*** Opening of EXTRACTED ENTRIES ***

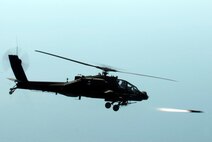 KUNSAN AIR BASE, Republic of Korea -- An AH-64 Apache helicopter assigned to the 4-2 Attack Battalion, Camp Humphreys, Republic of Korea, fires a Hellfire missile towards a target at an air-ground range  20 miles outside of Kunsan Air Base during a Joint Air Attack combat readiness training session, June 3.  Several Apache crews fired Hellfire missiles, 30mm rounds  and rockets during the four day training mission. Overall, a total of 155 Hellfire missiles, 152 HE 2.75 inch rockets, 50 illumination 2.75 inch rockets, 1,560 rounds of 30 mm HE rounds  were fired by the 26 Apache crews involved in the training. "The exercise provided valuable joint air attack team training and enhanced combat readiness," said Maj. Kyle Armstrong, 8th Operational Support Squadron assistant director of operations. (U.S. Air Force photo/Staff Sgt. Jonathan Pomeroy)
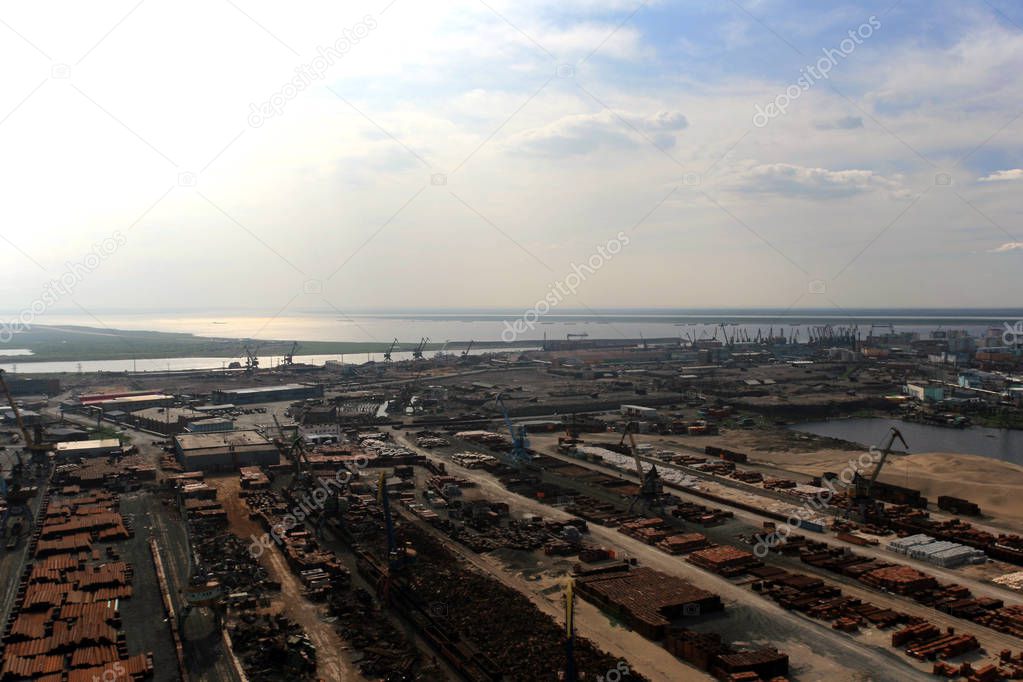 Cargo berths and terminals in the port of Dudinka on the Taimyr Peninsula. Helicopter view of the port Dudinka on the Yenesei river.  Krasnoyarsk region, Russia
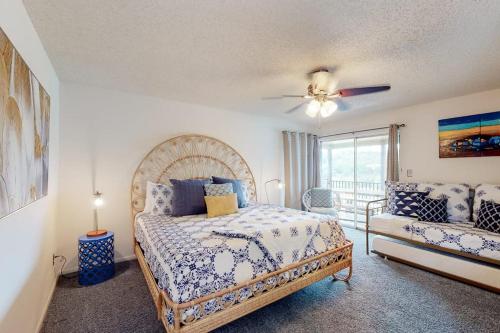 a bedroom with a bed and a couch at Mid-Century Modern Lake House with Private Waterfront Pool & Boat Dock in Marble Falls
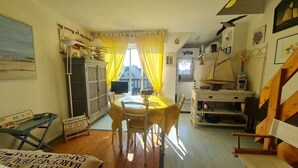 A cozy dining area with a table and chairs, a wooden cabinet, and a view of the outside through a window with yellow curtains.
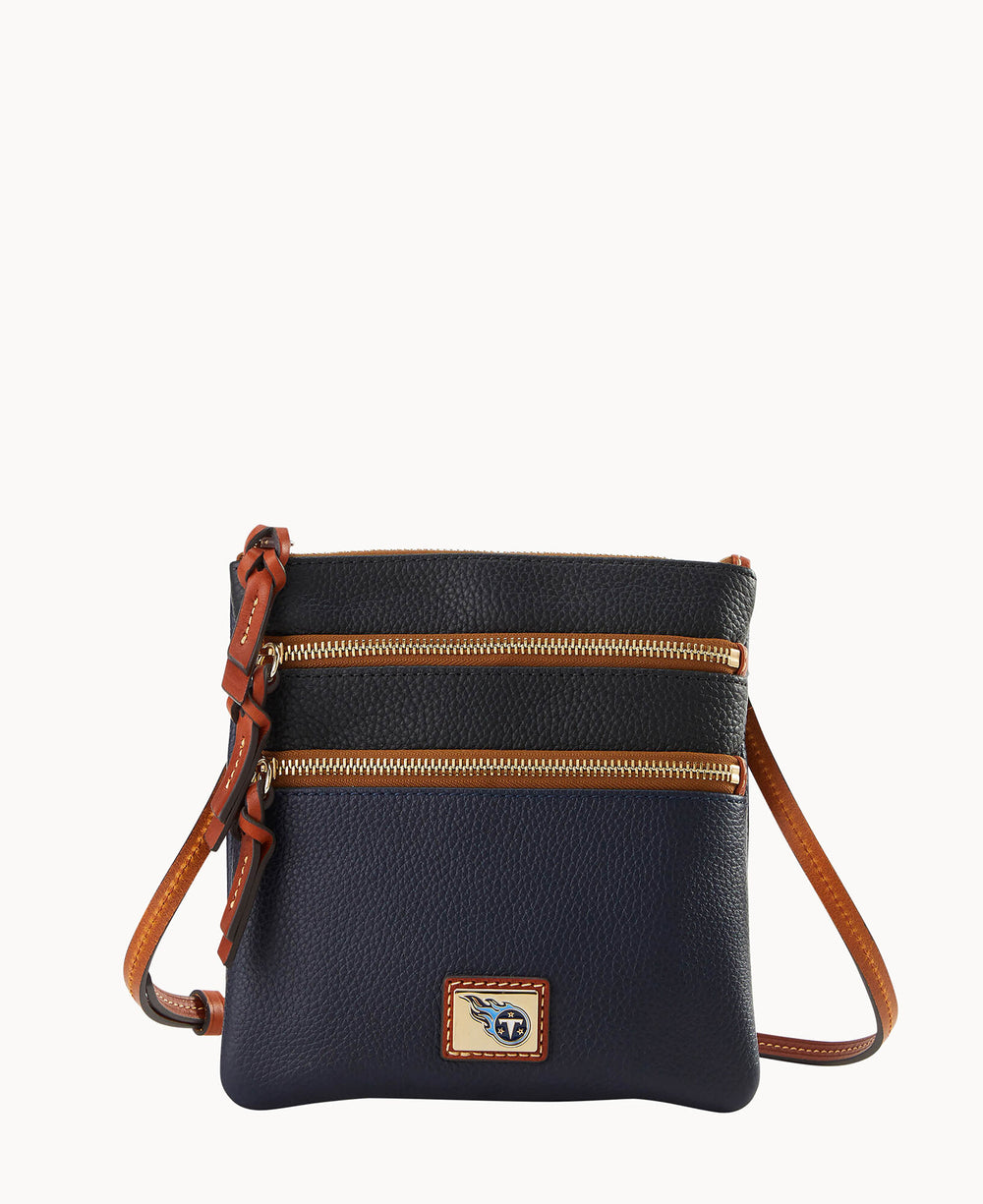 A small, navy blue leather crossbody bag with brown leather trim, two front zippered pockets with gold zippers, and an adjustable brown strap. The front features a rectangular logo patch.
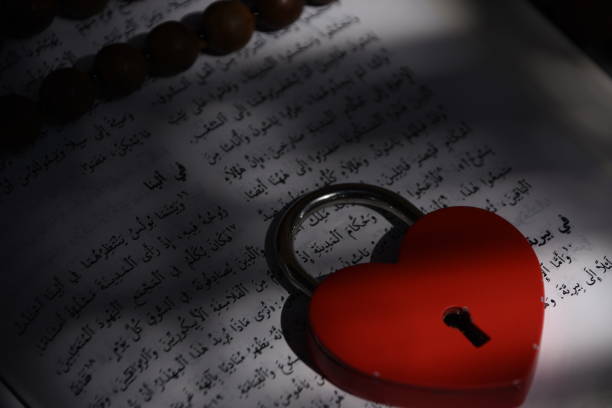 istock An ancient Koran With a heart shaped lock 851766506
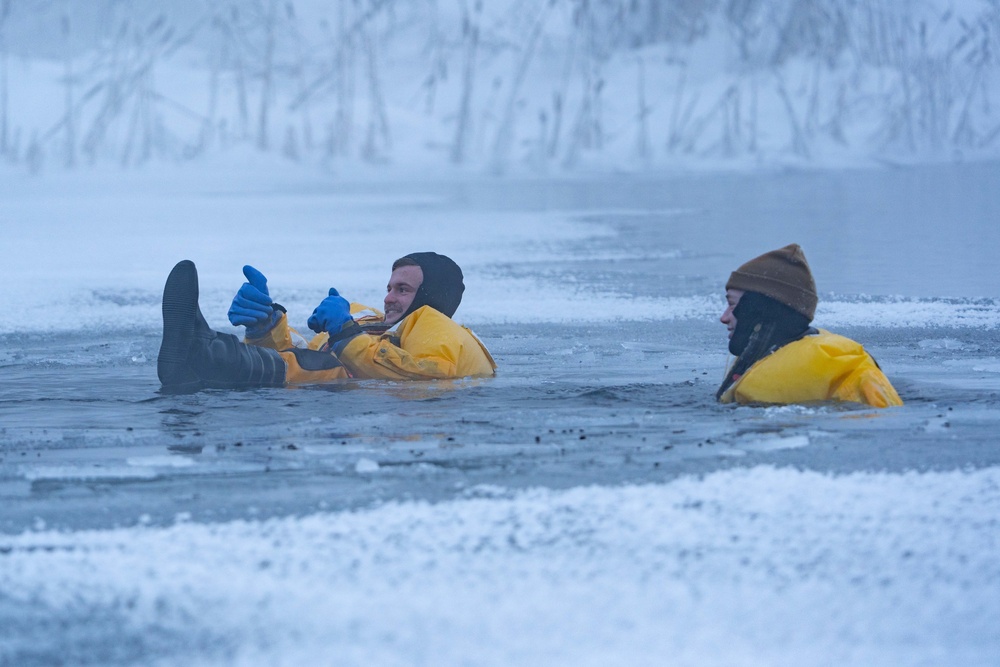 JBER Firefighters conduct Ice Water Rescue Training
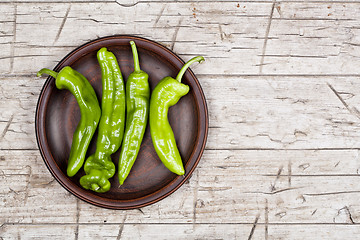 Image showing Fresh green raw peppers on brown ceramic plate on rustic wooden 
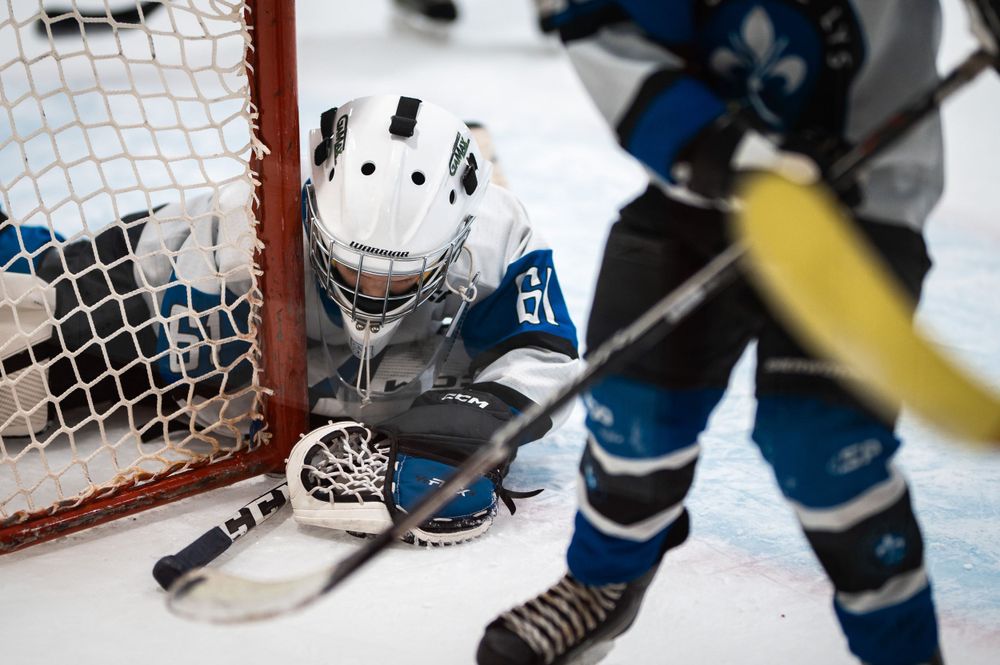 Hockey goalie making save at ice rink with blue player in frame.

*** Close of EXTRACTED ENTRIES ***

#### WHAT IS EXPECTED:
Your answer must be an exact reproduction of all entries, containing no pictures.

#### ANSWER SECTION:
 KUNSAN AIR BASE, Republic of Korea -- An AH-64 Apache helicopter assigned to the 4-2 Attack Battalion, Camp Humphreys, Republic of Korea, fires a Hellfire missile towards a target at an air-ground range  20 miles outside of Kunsan Air Base during a Joint Air Attack combat readiness training session, June 3.  Several Apache crews fired Hellfire missiles, 30mm rounds  and rockets during the four day training mission. Overall, a total of 155 Hellfire missiles, 152 HE 2.75 inch rockets, 50 illumination 2.75 inch rockets, 1,560 rounds of 30 mm HE rounds  were fired by the 26 Apache crews involved in the training. "The exercise provided valuable joint air attack team training and enhanced combat readiness," said Maj. Kyle Armstrong, 8th Operational Support Squadron assistant director of operations. (U.S. Air Force photo/Staff Sgt. Jonathan Pomeroy)
 Cargo berths and terminals in the port of Dudinka on the Taimyr Peninsula. Helicopter view of the port Dudinka on the Yenesei river.  Krasnoyarsk region, Russia
 a bedroom with a bed and a couch at Mid-Century Modern Lake House with Private Waterfront Pool & Boat Dock in Marble Falls
 A cozy dining area with a table and chairs, a wooden cabinet, and a view of the outside through a window with yellow curtains.
 A small, navy blue leather crossbody bag with brown leather trim, two front zippered pockets with gold zippers, and an adjustable brown strap. The front features a rectangular logo patch.
 istock An ancient Koran With a heart shaped lock 851766506
 JBER Firefighters conduct Ice Water Rescue Training
 Image showing Fresh green raw peppers on brown ceramic plate on rustic wooden 
 Hockey goalie making save at ice rink with blue player in frame.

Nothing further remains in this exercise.